Enak tentunya berjalan di kawasan itu, karena trotoarnya lebar. Namun, keenakan saya terganggu ketika dia melempar botol Aqua ke jalan, setelah meminumnya. Saya mengambil botol itu, dan melemparkannya ke tempat sampah, tanpa ia sadari. Karena saya tidak ingin dia tersinggung, sebab dia seorang tokoh.

Dari seluruh kenangan saya berjumpa dengannya, adalah kenangan buruk membuang sampah plastik ke tengah jalan. (Bayangkan) di tengah keramaian kawasan yang bersih, oleh seorang alumni Amerika. Bagaimana mungkin?

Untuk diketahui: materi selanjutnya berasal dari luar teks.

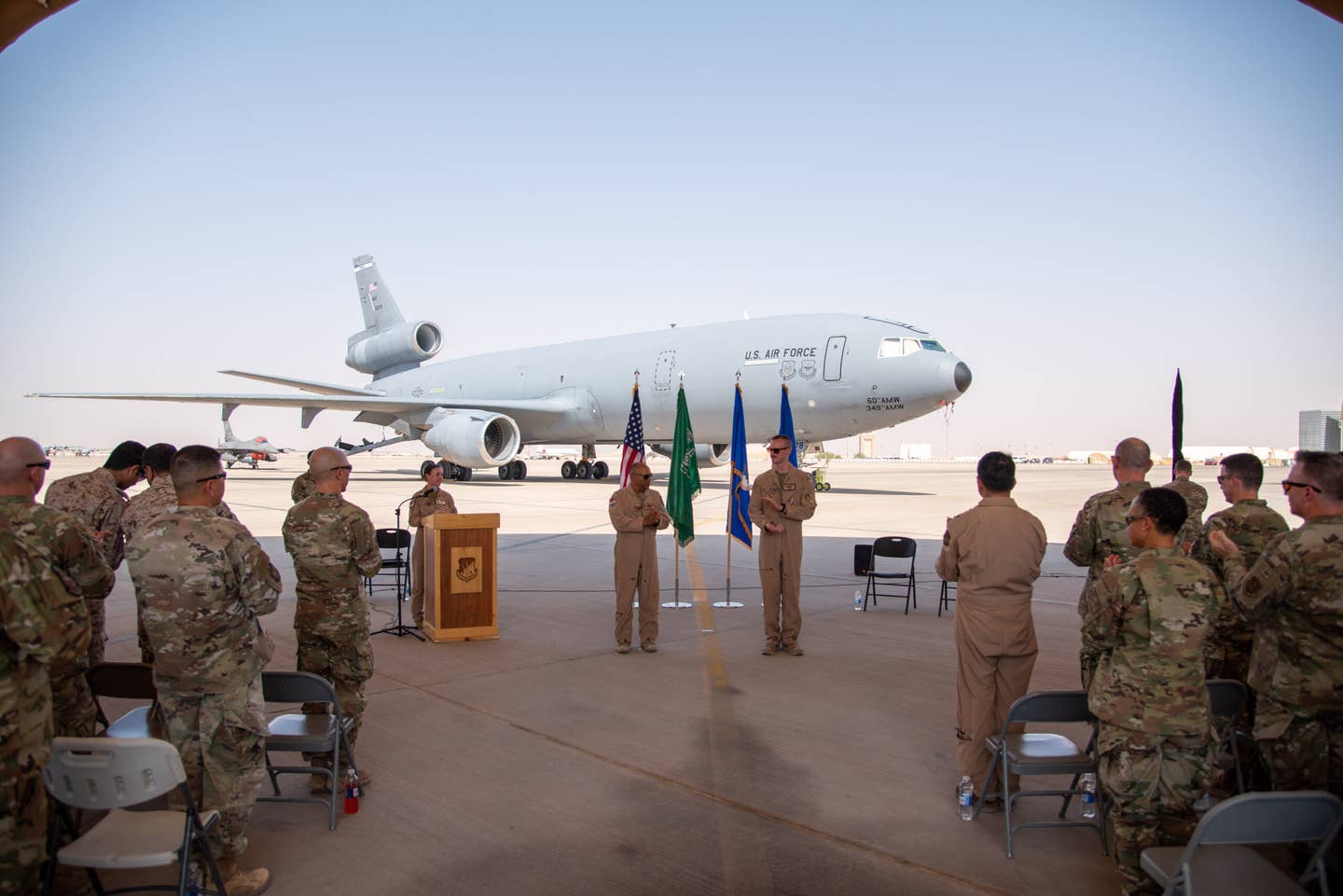 U.S. airmen from the 378th Air Expeditionary Wing celebrate after an inactivation ceremony for the 908th Expeditionary Air Refueling Squadron at Prince Sultan Air Base, Oct. 4, 2023. <em>U.S. Air Force photo by Tech. Sgt. Alexander Frank</em>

Namun, itu terus menerus menjadi teka-teki saya, bagaimana caranya agar seorang seperti dia, bisa mempunyai persepsi yang tepat tentang sampah, terlebih sampah plastik?

Saat ini, masalah sampah menjadi wacana di tengah publik, setelah Bestari Barus, Anggota DPRD DKI Nasdem, menyerang Anies Baswedan.

Menurutnya, Anies tidak mampu menyelesaikan soal sampah di DKI. Barus pun meminta Wali Kota Surabaya, Tri Rismaharini untuk mengajari Anies soal manajemen pengelolaan sampah. Dan Risma yakin bahwa dia mampu menyelesaikan persoalan sampah di DKI itu.

Namun, apakah persoalan sampah DKI akan selesai jika Risma datang ke Jakarta atau menjadi Gubernur Jakarta nantinya?

Wacana berkembang ke mana-mana. Meskipun ikan-ikan di kali Surabaya, di mana Risma berkuasa, 80 persen mengandung sampah mikro plastik, sesuai data Yayasan Ecoton, dan juga pencemaran 30 pabrik sesuai data Pemda.

Meskipun juga, tokoh Nasdem, atasan Barus, yang menjadi menteri perdagangan, mengijinkan impor sampah eks luar negeri ke Jakarta dan Surabaya.

Tentu saja persoalan sampah tidak akan selesai dengan kepemimpinan yang berganti. Maksudnya, masalah sampah adalah masalah bersama, dan berjangka panjang.

Mengapa demikian?

Pertama, masalah sampah adalah masalah individual, yakni apakah kita menganggapnya sebagai masalah atau bukan masalah.

Seperti teman saya alumni Amerika itu, saya dulu juga menganggap, membuang botol Aqua atau dulu kaleng bekas Coca-cola, dan sampah plastik lainnya, bukanlah sebuah keburukan.

Karena, sampah-sampah itu, dibenak saya, akan tersapu air ketika hujan, dan akan masuk ke kali, hanyut bersama air sungai.

Namun, ketika saya berusia 25 tahun, dan tinggal di Belanda, persepsi saya mulai bergeser. Kenapa? Karena setiap tutup botol, kaleng, plastik, dan apa pun yang saya lempar sebagai sampah di sembarang tempat, selalu dipungut istri saya. Meskipun di tempat yang sepi.

Istri saya memasukkan apa yang ia pungut, ke dalam tasnya. Sedikit pun, ia tak merasa terbebani dengan hal itu.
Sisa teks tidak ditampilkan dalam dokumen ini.